By Joe Rao, SPACE.com Skywatching Columnist, Special to SouthFloridaReporter.com, Nov. 4, 2015 – Say farewell to the ringed beauty Saturn: In November, it drops into the sunset fires, until it is out of sight. In fact, not a single bright planet is evident in the evening sky this month.
Fear not: the planets reappear in the predawn sky. To entice you out of your warm bed are Venus, Jupiter and Mars, along with a lovely crescent moon early in the month. The planets gradually spread apart as November progresses.
Here’s a look at when to see the brightest planets in the November night sky, depending on your local weather conditions. [10 Must-See Stargazing Events to Look Up for in 2015]
Remember that you can use your clenched fist at arm’s length — equal to about 10 degrees of the night sky — to measure angular distances. The brightest stars are equal to first or zero magnitude, while the very brightest objects (Venus, the moon and the sun) are of negative magnitude.
On Friday (Nov. 6), Jupiter rises around 1:50 a.m. local time. By the end of the month it will be coming up closer to 12:30 a.m. It’s in Leo, a constellation most people associate with late winter and spring, which indeed is when Jupiter will be at its evening height. The best time for viewing the giant planet in November is just before dawn, around 5 a.m., when it will be shining brightly very high in the southeast. The giant glares at magnitude -1.9. This morning it will be strikingly paired with a wide crescent moon; Jupiter will be positioned 2.6 degrees to the moon’s upper left.
Venus in Virgo
Binoculars or a small telescope will give fine views of Venus passing close to three fairly bright stars in Virgo during the first three weeks of this month. This morning at dawn Venus is 0.2 degrees north of Beta Virginis, magnitude +3.8.
More dates to watch
Nov. 7: Early this morning, just 24 hours after its rendezvous with Jupiter, a slightly thinner crescent moon pays Venus and Mars a visit.
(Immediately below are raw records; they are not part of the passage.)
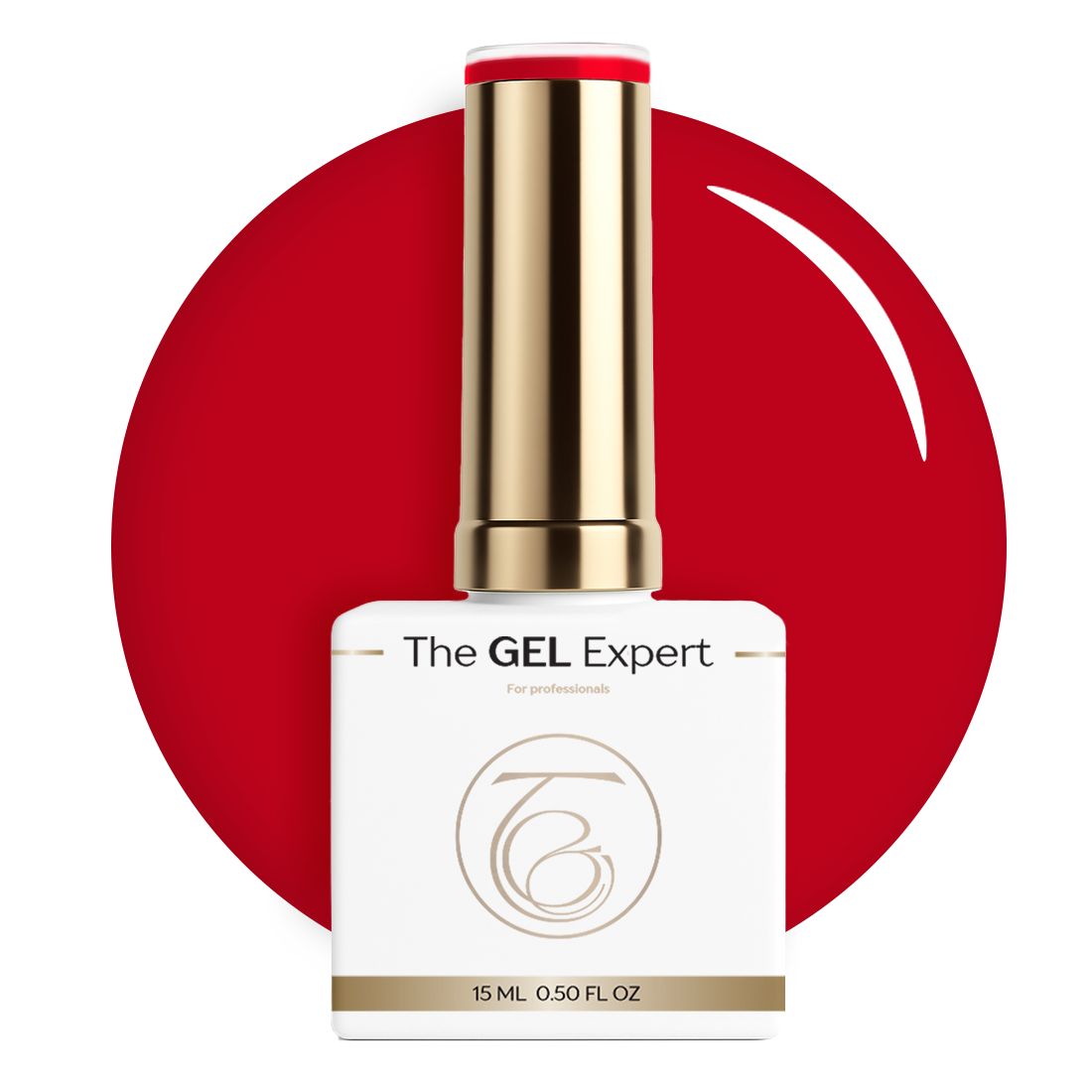 The Gel Expert Gel Polish - Scarlet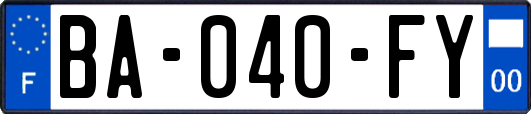 BA-040-FY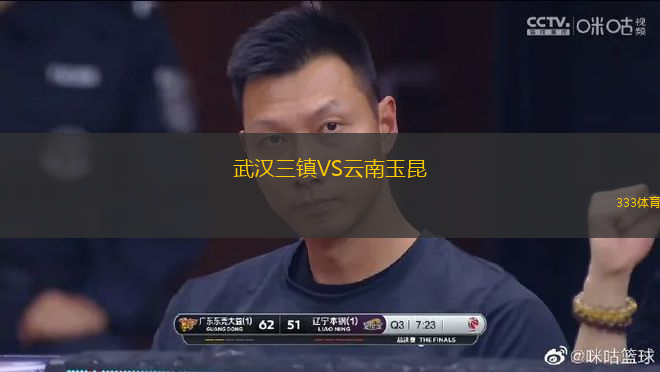 武漢三鎮(zhèn)VS云南玉昆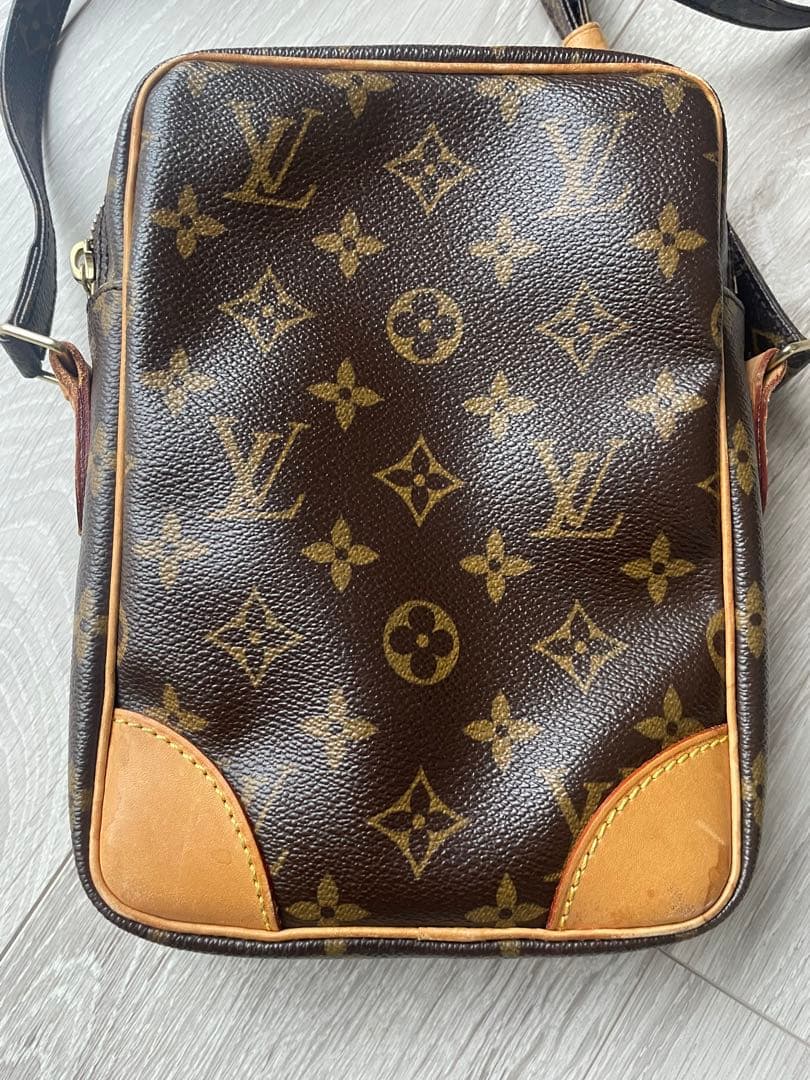 ルイヴィトン モノグラム ダヌーブ ショルダーバッグ
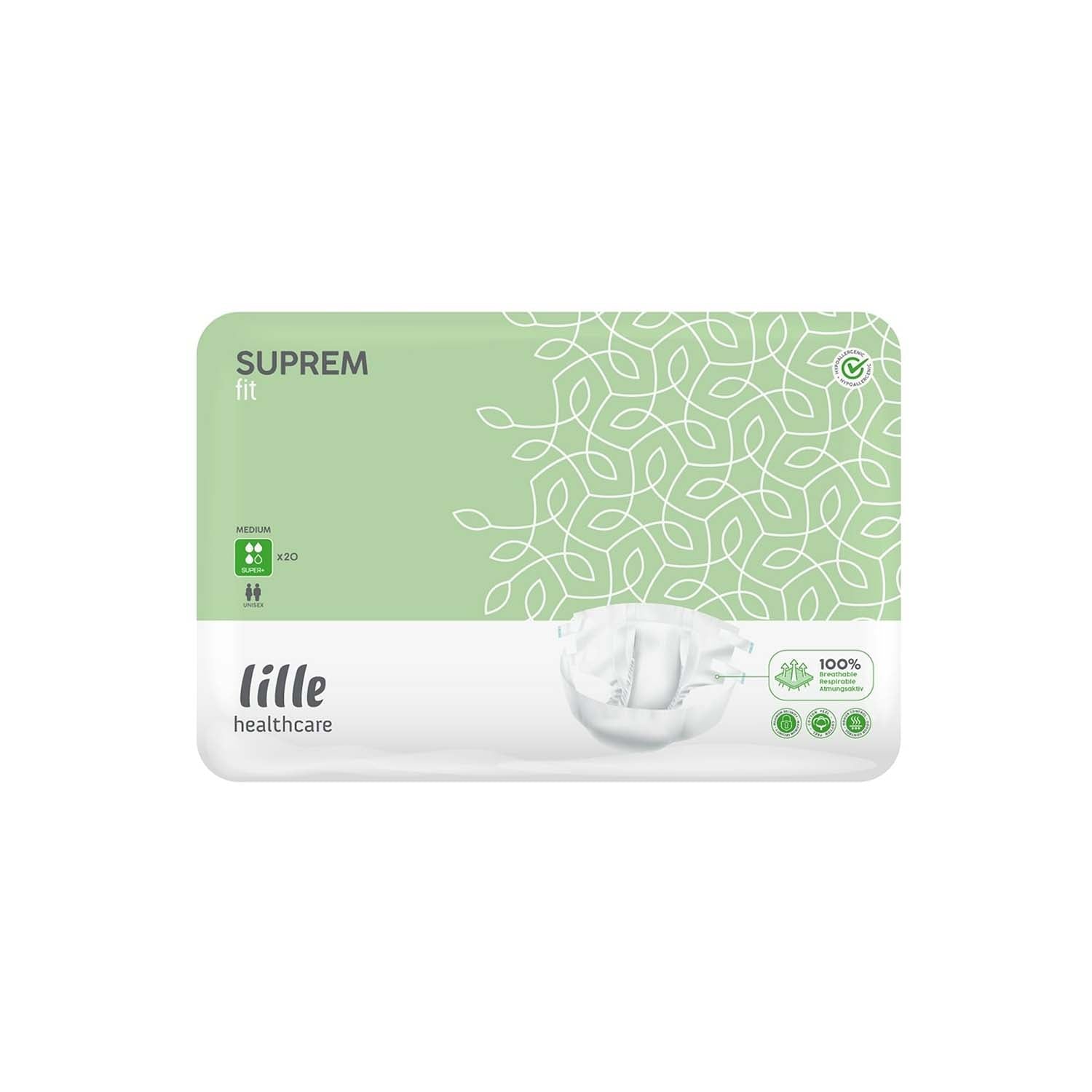 Lille SupremFit Medium Super Plus | Case of 4 (1)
Dazzling Venus will be sitting just 1.6 degree to the upper left of the moon, while dim Mars can be found 2.2 degrees above the moon.
Nov. 13: Early this morning, Venus passes only 9 arc minutes (0.15 degrees) north of Eta Virginis, magnitude +4.0. As seen from China, Venus and this star appear even closer, only 5 arc minutes apart.
Nov. 17: Mercury passes through superior conjunction (beyond the sun) and into the evening sky today, but this planet remains too close to the sun to observe all of this month. Also, Venus is 1.1 degrees to the lower right of the close double star Gamma Virginis (Porrima) this morning.
Nov. 29: About 4.2 degrees to the lower right of Venus this morning is the bluish first-magnitude star Spica, the brightest star in the zodiacal constellation of Virgo, the Maiden.
Nov. 30: Saturn slipped into the bright evening twilight at midmonth and disappeared in the glare of the sun. Today it passes behind the sun, lost from view until later in December.